SUPERIOR, Wis. (AP) — A grassroots citizen group is pushing back against a Duluth company’s proposal to bottle and sell water from a well near Lake Superior.
Opponents say allowing Kristle KLR to go forward would exploit a loophole in a landmark agreement barring water diversions from the Great Lakes and it could threaten water resources in the region.
An appeals board in Bayfield County has upheld the denial of a special land use permit that would allow Kristle Majchrzak and Robert Glau to tap into the water on their property in the Town of Clover.
Their attorney, Jack Perry, of Minneapolis, says they will appeal the board’s decision in Bayfield County Circuit Court, Wisconsin Public Radio reported.
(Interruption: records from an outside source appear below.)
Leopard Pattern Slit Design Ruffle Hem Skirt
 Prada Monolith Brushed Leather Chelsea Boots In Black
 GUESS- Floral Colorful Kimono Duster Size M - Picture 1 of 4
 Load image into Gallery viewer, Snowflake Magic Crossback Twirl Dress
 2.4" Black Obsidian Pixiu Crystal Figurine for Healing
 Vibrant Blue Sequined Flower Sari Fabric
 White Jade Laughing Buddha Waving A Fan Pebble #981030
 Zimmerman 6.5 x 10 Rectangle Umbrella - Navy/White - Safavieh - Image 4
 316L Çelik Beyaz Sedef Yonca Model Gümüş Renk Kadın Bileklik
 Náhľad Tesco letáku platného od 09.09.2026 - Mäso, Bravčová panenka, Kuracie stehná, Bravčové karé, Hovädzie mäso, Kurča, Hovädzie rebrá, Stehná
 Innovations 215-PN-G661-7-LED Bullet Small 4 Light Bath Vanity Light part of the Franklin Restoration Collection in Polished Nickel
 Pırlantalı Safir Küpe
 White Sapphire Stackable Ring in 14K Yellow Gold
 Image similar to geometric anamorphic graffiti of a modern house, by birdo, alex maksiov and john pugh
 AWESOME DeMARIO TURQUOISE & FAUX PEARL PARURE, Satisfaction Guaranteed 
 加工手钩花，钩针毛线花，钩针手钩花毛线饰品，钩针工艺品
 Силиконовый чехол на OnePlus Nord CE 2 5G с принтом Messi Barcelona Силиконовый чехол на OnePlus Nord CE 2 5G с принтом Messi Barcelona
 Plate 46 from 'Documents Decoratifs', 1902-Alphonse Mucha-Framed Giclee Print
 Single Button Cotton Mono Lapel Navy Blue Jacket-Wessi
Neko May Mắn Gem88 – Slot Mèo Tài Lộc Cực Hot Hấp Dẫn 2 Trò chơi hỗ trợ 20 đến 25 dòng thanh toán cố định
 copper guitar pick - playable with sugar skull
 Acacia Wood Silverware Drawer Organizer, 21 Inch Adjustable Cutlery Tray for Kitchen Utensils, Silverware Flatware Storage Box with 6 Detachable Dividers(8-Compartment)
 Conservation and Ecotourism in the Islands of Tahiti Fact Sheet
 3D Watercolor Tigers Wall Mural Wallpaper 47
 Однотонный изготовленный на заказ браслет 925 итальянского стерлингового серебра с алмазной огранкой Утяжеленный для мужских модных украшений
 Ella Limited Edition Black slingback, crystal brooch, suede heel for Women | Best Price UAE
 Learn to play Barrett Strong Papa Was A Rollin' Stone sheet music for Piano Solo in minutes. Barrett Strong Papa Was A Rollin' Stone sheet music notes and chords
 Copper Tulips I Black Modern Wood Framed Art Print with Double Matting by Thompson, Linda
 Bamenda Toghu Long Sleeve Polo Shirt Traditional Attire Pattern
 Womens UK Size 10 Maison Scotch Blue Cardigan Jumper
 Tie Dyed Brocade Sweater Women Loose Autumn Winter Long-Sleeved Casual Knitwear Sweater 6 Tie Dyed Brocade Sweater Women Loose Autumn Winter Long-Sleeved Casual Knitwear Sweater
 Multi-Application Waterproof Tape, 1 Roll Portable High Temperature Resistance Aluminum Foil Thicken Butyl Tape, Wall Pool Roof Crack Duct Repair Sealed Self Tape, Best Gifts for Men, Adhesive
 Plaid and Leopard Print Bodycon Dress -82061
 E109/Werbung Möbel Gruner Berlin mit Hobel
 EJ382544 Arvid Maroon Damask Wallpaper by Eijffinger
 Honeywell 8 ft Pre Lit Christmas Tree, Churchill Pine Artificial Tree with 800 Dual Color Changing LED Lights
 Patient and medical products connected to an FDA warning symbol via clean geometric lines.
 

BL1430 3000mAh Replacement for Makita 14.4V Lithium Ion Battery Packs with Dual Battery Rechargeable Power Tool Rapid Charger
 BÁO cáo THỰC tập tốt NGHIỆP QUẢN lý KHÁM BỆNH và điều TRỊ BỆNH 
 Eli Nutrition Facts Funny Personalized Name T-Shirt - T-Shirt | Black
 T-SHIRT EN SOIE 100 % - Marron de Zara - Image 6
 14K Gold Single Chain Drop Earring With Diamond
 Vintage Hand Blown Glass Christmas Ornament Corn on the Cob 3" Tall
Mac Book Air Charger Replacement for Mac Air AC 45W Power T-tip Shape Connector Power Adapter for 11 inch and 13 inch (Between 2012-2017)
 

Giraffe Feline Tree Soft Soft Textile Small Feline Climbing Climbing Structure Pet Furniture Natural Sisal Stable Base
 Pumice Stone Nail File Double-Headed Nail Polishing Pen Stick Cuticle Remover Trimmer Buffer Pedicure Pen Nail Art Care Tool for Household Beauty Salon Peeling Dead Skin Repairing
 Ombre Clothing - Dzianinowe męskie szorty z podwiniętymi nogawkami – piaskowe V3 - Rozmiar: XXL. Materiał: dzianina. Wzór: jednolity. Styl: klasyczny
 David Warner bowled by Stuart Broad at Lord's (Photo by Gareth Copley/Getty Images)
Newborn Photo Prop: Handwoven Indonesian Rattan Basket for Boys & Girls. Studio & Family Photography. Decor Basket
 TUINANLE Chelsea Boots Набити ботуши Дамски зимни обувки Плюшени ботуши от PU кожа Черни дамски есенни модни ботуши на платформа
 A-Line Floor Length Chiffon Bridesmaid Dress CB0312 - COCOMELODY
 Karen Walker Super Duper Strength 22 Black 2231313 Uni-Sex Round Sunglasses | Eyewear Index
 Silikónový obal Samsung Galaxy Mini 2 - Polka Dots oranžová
Perry argues the Wisconsin Department of Natural Resources has sole permitting authority over groundwater wells. He said the county could be exposed to more than $250,000 in damages and legal fees for denying the proposal.
But, the town’s attorney, Max Lindsey, contends the county is exercising its authority over land use. He argued the proposal doesn’t qualify for the permit because it’s in an area that is zoned for residential development and recreational use.
The group, Lake Superior Not For Sale, with its 2,200 members, said granting the permit would allow Majchrzak and Glau, her father, to skirt the Great Lakes Compact signed by eight Great Lakes governors in 2008.
The compact prevents water diversions outside the Great Lakes basin with limited exceptions. The compact allows water to be removed from the Great Lakes basin in containers of 5.7 gallons or less.